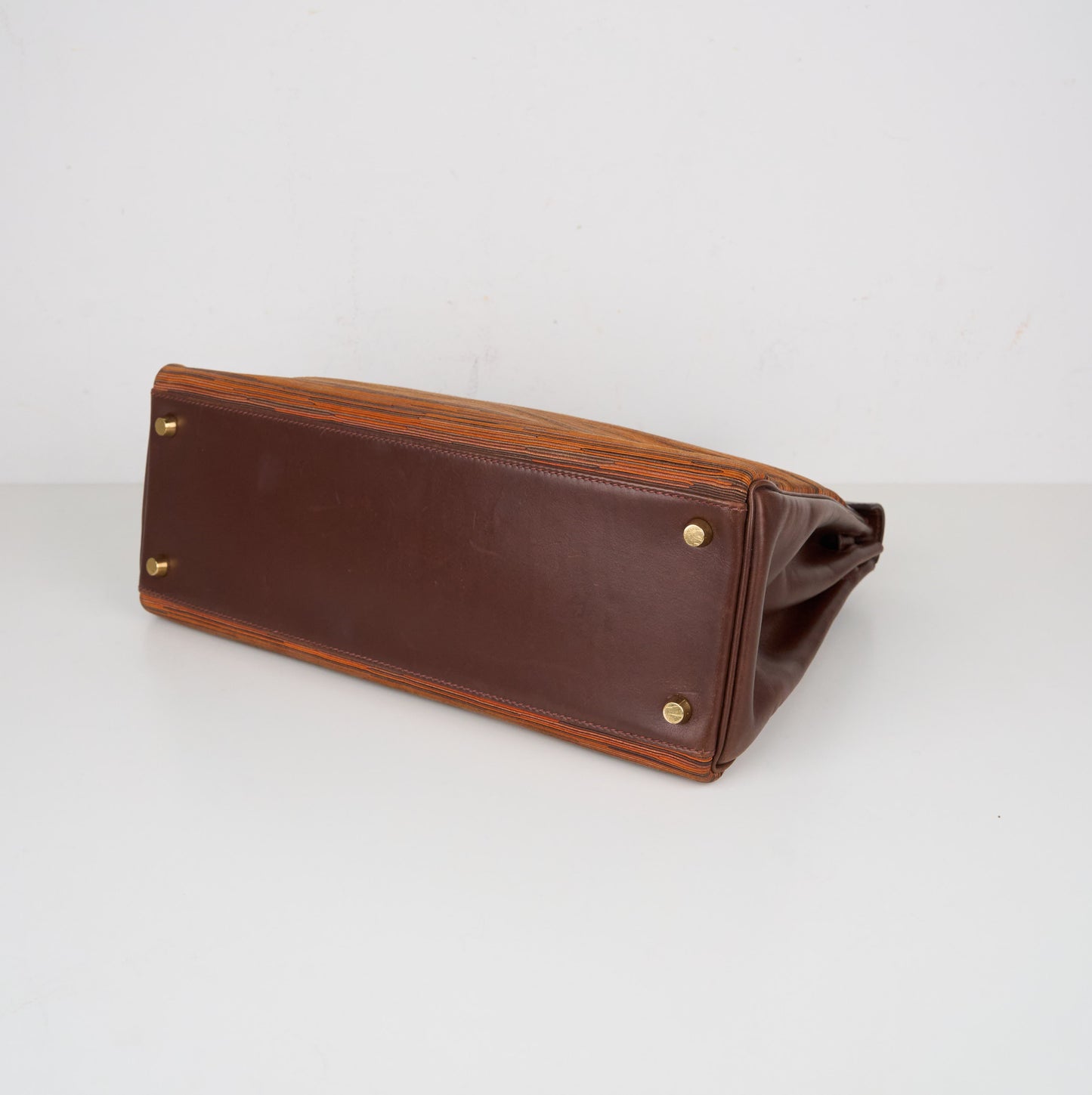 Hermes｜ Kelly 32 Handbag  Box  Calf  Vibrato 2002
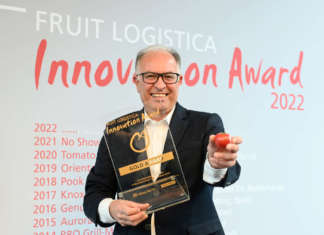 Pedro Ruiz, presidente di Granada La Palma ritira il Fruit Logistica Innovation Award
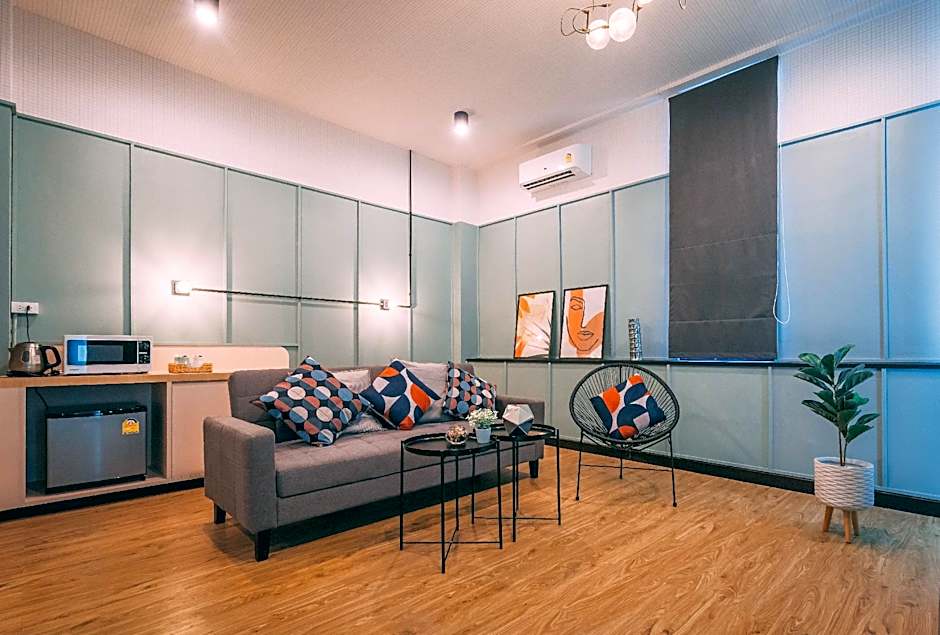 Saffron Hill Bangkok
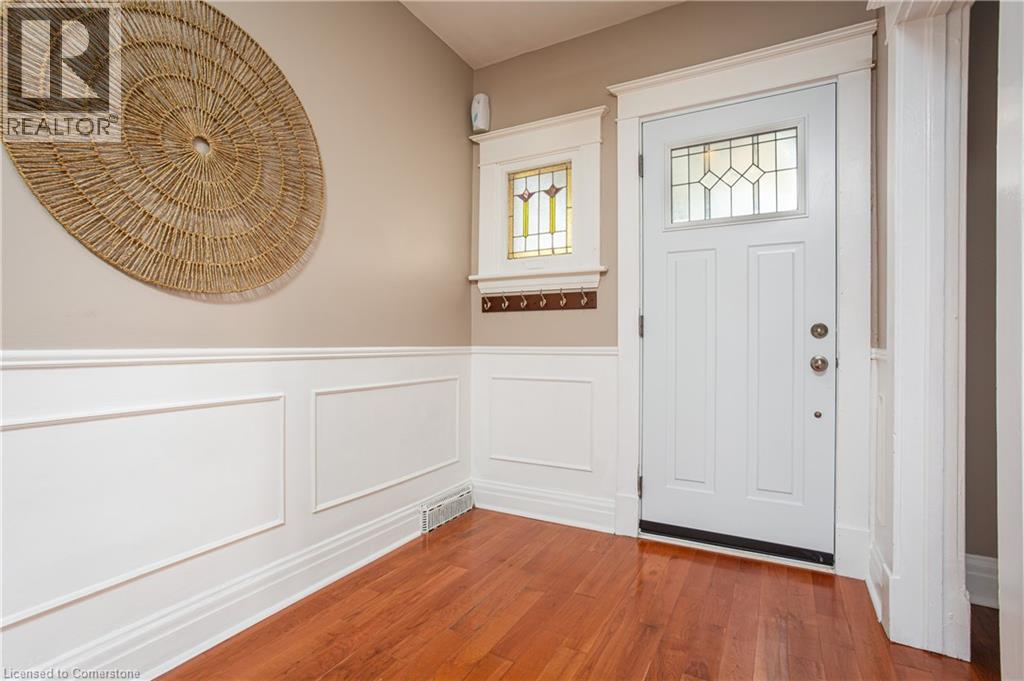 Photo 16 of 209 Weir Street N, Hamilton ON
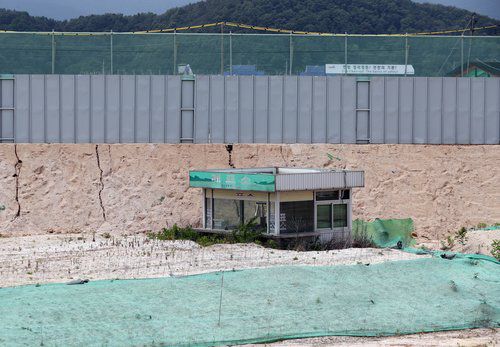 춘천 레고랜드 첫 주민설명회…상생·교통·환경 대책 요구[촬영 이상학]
******
| What the task requires |
Everything in the data except the pictures must be transcribed exactly.

| Solution for this problem |
 Hermes｜ Kelly 32 Handbag  Box  Calf  Vibrato 2002
 Pedro Ruiz, presidente di Granada La Palma ritira il Fruit Logistica Innovation Award
 Saffron Hill Bangkok
 Photo 16 of 209 Weir Street N, Hamilton ON
 춘천 레고랜드 첫 주민설명회…상생·교통·환경 대책 요구[촬영 이상학]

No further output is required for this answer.